Some families are divided; some educated urban Ovimbundu have come to terms with the MPLA. The main Protestant church in the central plateau is trying to accommodate itself to the government, though almost half its clergy are actually “in the bush” too. The MPLA has made attempts to present itself as a nontribal organization, whereas the geography of civil war has meant that UNITA, from Savimbi down, is predominantly Ovimbundu. UNITA’s secretary-general, however, is the hereditary chief of the oil-rich Cabinda enclave, and the movement is well represented among the Chokwe (or Kioko), who comprise 8 percent of Angolans, and among people of the south and southeast. In the absence of elections it is impossible to be dogmatic about popular support; but it remains a very good bet that UNITA would muster a bigger vote than the MPLA if conditions allowed.

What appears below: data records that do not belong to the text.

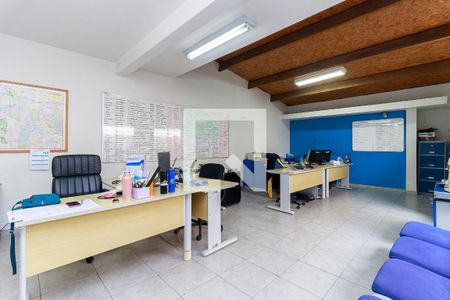 Casa à venda com 250m², 2 quartos e 3 vagasQuarto 2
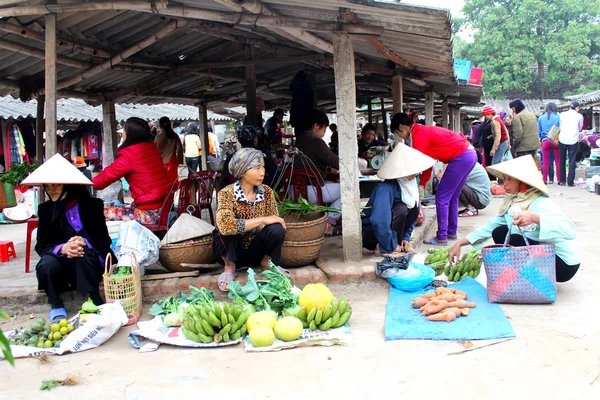 Wanita Asia yang menjual dupa di pasar — Stok Foto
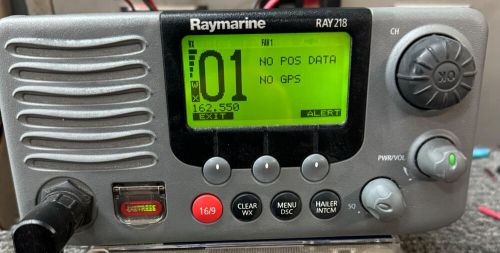 Raymarine ray218 vhf radio - no cover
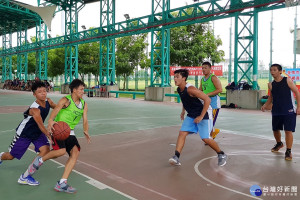 佳里分局、佳里扶輪社、佳里區籃球委員會合辦「青春盃」3對3籃球錦標賽。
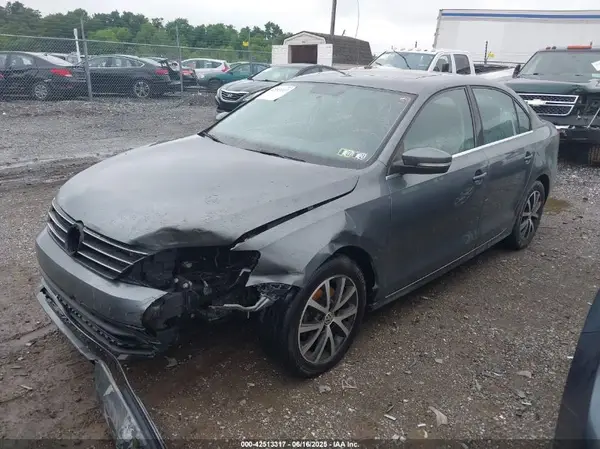 3VWDB7AJ7HM388832 2017 VOLKSWAGEN JETTA - Image 2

Thus the government cannot administer the center and south effectively. Much of its difficulty comes from South Africa, which has its own buffer zone in the far south extending as much as a hundred miles northward and supplies Savimbi’s forces. But there is good evidence that the intransigent performance of the UNITA guerrillas in central Angola results also from considerable local backing. Geographically UNITA has extended its activities even during the past year, so that it now operates more than a hundred miles north of the Benguela Railway, previously the main UNITA zone of influence in the center. The guerrillas sabotage the railway itself almost daily with impunity, and whereas UNITA used to concentrate its attacks along the central and far-eastern sections of the 700-mile railway, activity is now equally spread the entire length of the line. For guerrillas to go uncaught and to operate along so great a distance, they must have much local help. All the roads connecting the central belt of provinces (Benguela, Huambo, Bié, the southern halves of Malanje and Lunda, and Moxico) are far more dangerous for civilian drivers than the roads were during the war in Zimbabwe.

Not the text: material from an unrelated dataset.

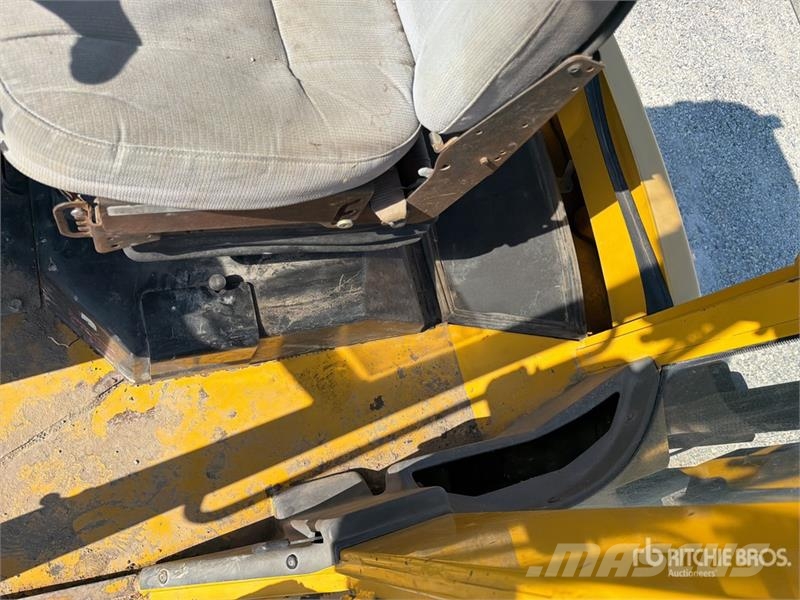 Komatsu WB70A Wheel Loader Φορτωτές με λάστιχα (Τροχοφόροι)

As in all guerrilla wars, civilians are cruelly treated by both sides. UNITA has taken harsh reprisals, burning down villages even among the Ovimbundu if they are suspected of succumbing to the blandishments of the MPLA government. Among the Ovimbundu there is probably the usual and sometimes ambiguous mixture of pro-guerrilla sympathy, mixed with fear and resentment, and a desire for peace at almost any cost. But it is significant that UNITA has spread also into some Kimbundu areas traditionally friendly to the MPLA.14 At first, the guerrillas were unwelcome. They probably remain not much loved. But the fact that they are managing to operate at all bodes ill for the government.
There is no reason, however, to suppose that UNITA’s guerrillas are an impressive force by conventional military standards. To exist is enough. Claims by UNITA to “control” over half of Angola are as exaggerated as MPLA assertions that once the South Africans stop the supplies UNITA would be dead within weeks. Apart from the southeast, which is protected by South African aircover, UNITA holds no town in Angola. Nor, if the Cubans left, would there be a triumphant march toward the capital. But “control” is a notoriously nebulous concept in a guerrilla war. Mugabe and Nkomo’s Zimbabwean guerrillas controlled in the military sense not the smallest village, but they operated freely throughout the entire country and could win 85 percent of the vote in an election. Provided that it has large stockpiles of arms, UNITA has a reasonable chance of survival.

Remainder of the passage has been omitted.